**Your goal:** Repeat the data verbatim, images excluded.

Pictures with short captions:
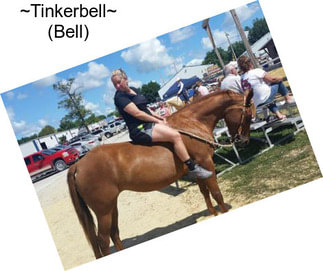 ~Tinkerbell~ (Bell)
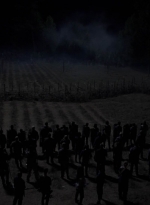 twd1011_2380.jpg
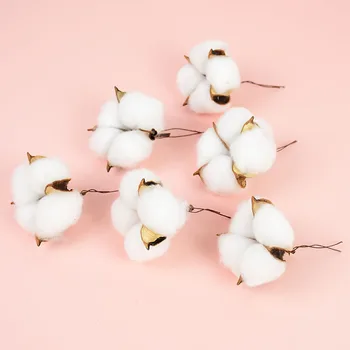 10 Kafaları Beyaz Pamuk çiçek başları Doğal Kurutulmuş Dekoratif Çiçekler DIY Çelenk yapay çiçek Ev Düğün Süslemeleri için
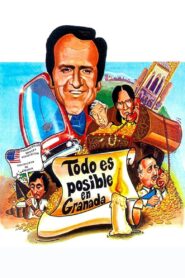 Todo es posible en Granada Online En Netflix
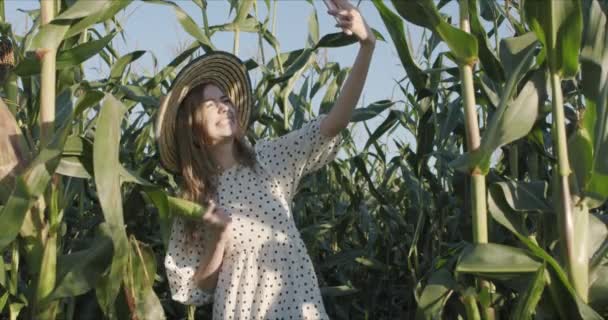 Νεαρή αγρότισσα στη συγκομιδή καλαμποκιού — Αρχείο Βίντεο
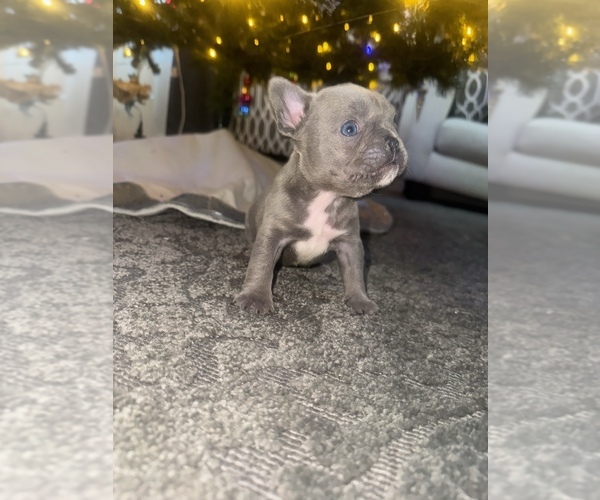 Medium Photo #1 French Bulldog Puppy For Sale in WEST HEMPSTEAD, NY, USA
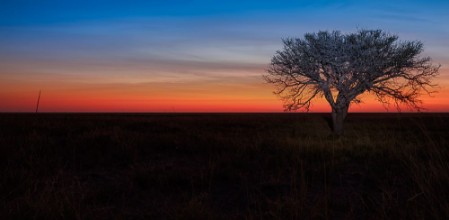 Bild von Lonely tree sunset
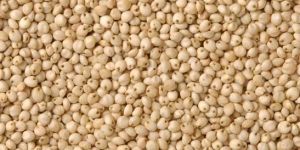 Sorghum Seeds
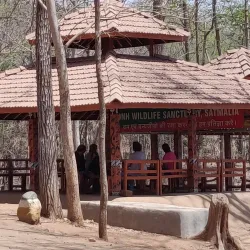 Deer Park - Silvassa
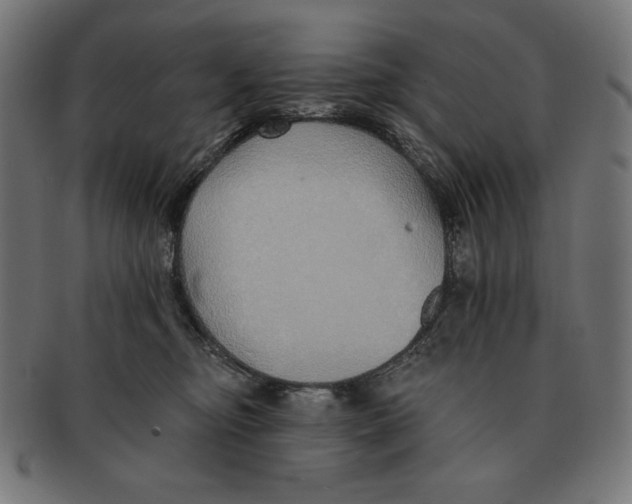 X0000091700374200709210927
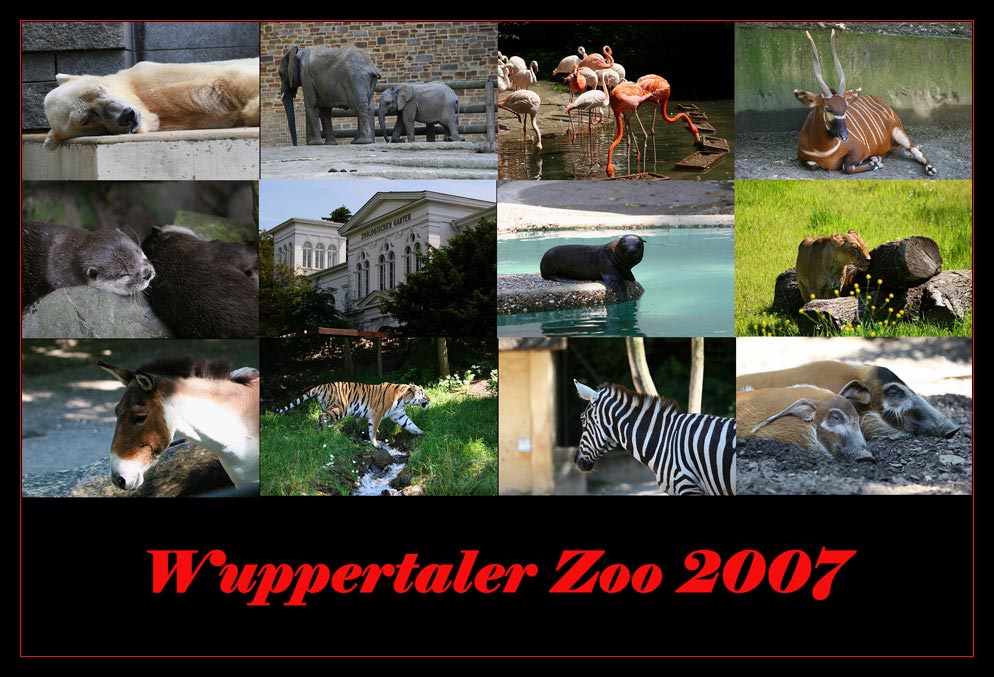 Wuppertaler Zoo 2007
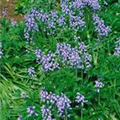 Hyacinthoides hispanica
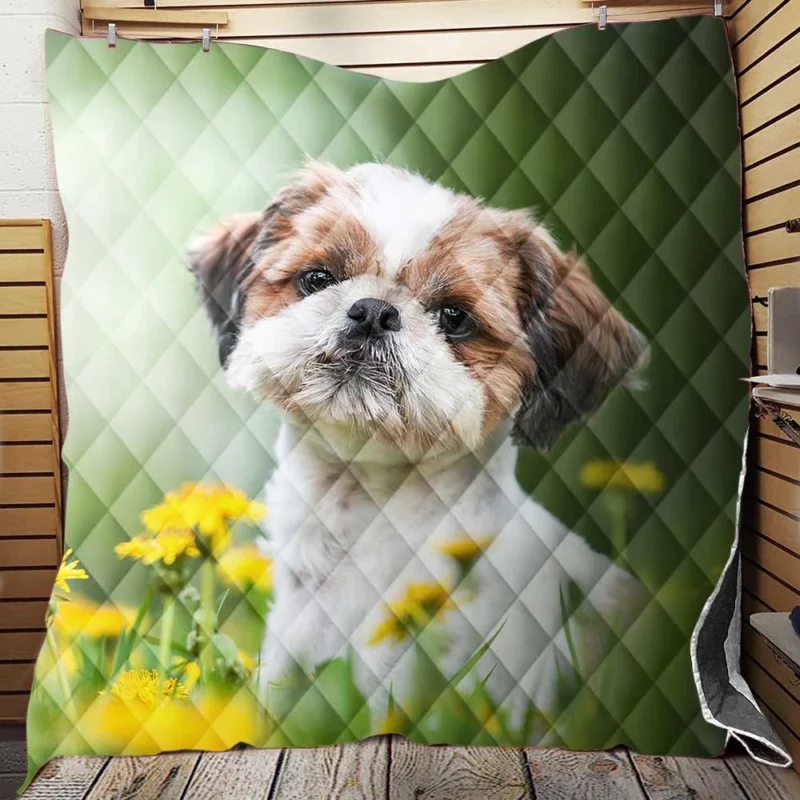 Portrait of Elegance: Shih Tzu Quartet Quilt Blanket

**Answer section:**
 ~Tinkerbell~ (Bell)
 twd1011_2380.jpg
 10 Kafaları Beyaz Pamuk çiçek başları Doğal Kurutulmuş Dekoratif Çiçekler DIY Çelenk yapay çiçek Ev Düğün Süslemeleri için
 Todo es posible en Granada Online En Netflix
 Νεαρή αγρότισσα στη συγκομιδή καλαμποκιού — Αρχείο Βίντεο
 Medium Photo #1 French Bulldog Puppy For Sale in WEST HEMPSTEAD, NY, USA
 Bild von Lonely tree sunset
 Sorghum Seeds
 Deer Park - Silvassa
 X0000091700374200709210927
 Wuppertaler Zoo 2007
 Hyacinthoides hispanica
 Portrait of Elegance: Shih Tzu Quartet Quilt Blanket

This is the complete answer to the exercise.